Help to Network Design
daBNN is the first highly-optimized open-sourced BNN inference framework. It not only enables the deployment of BNNs in industries, but also brings help to BNN design for researchers. For example, it is a common practice that the first and last layer in BNNs remain full precision. However, no one find that the first layer, which is usually a convolution with large kernel, often takes up more than half latency of a binary neural network. Given this observation, we replace the first 7×7 convolution layer in Bi-Real Net 18 [9] with a STEM module [12] as shown in Figure 6 , then we get a 30% speedup on Google Pixel 1 without any accuracy loss as shown in Table 2 . We cannot make this easy but effective improvement if we use an under-optimized framework like BMXNet, since the binary convolutions in it are even slower than float convolutions.
MODEL CONVERSION TOOL
We present a model conversion tool, named onnx2bnn, to convert trained BNN models to our daBNN format. We provide pre-built onnx2bnn binaries for Linux, macOS and Windows, and thus no compilation is required for our users. Our model conversion tool supports ONNX (Open Neural Network Exchange) [3] format, which is greatly supported or officially integrated by many frameworks and tools [4, 5, 10, 11] . We only depend on the standard ONNX operators to ensure the interoperability. By contrast, BMXNet implements and depends on some custom MXNet operators (like "QConvolution"), so the BNN models trained in other deep learning frameworks (e.g., TensorFlow [4] and PyTorch [10] ) cannot be deployed on BMXNet easily.
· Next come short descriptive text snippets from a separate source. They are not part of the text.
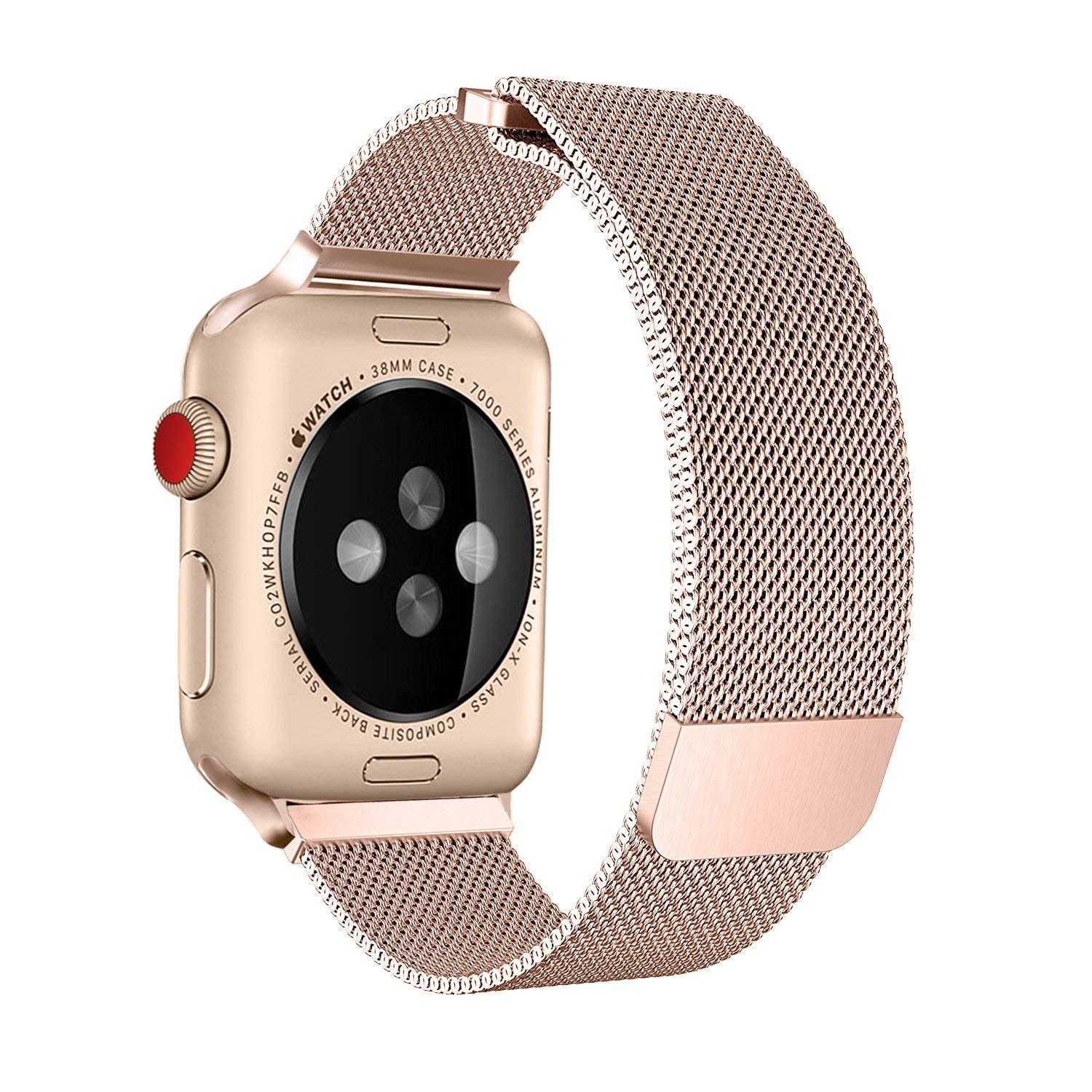 Apple Watch Band 42MM, Stainless Steel Mesh Milanese Loop with Apple Watch Rose Gold Stainless Steel Band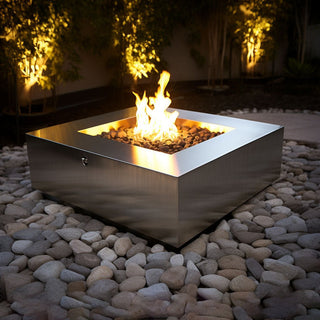 Quad Square Fire Table - Stainless Steel - Modofire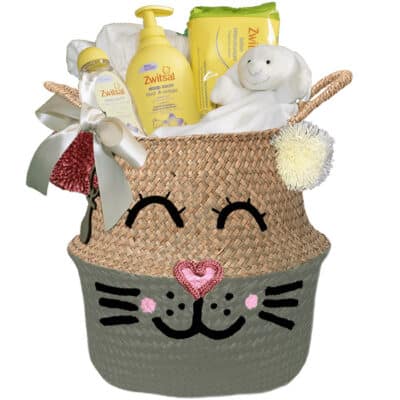 Konijntje mand geschenk basic neutraal met naam olijf groen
Our model conversion tool recognizes whether a tensor is binary by various ways, e.g., checking whether the tensor is an output of a Sign operator. The convolutions with binary input and binary weight are then converted to binary convolutions in daBNN format. The weight of binary convolutions will be packed so that the model size will be drastically compressed (32× if all weights are packed).
CONCLUSION AND FUTURE WORK
We presented daBNN, a super fast binary neural networks inference framework for ARM devices. We implement binary convolution and other operators by ARM assembly. Extensive experiments show that our daBNN is extremely faster than both BMXNet and modern full precision inference frameworks. We believe that daBNN will greatly help both deployment and design of BNNs. For the ease of use, we publish pre-built binaries, libraries and also a sample Android project. Our source code, sample project, documentation and pre-trained models are published on GitHub. In the future, we are going to implement BNNs on X86 and RISC-V. We are also looking forward to cooperating with research teams to design or search better BNN structures.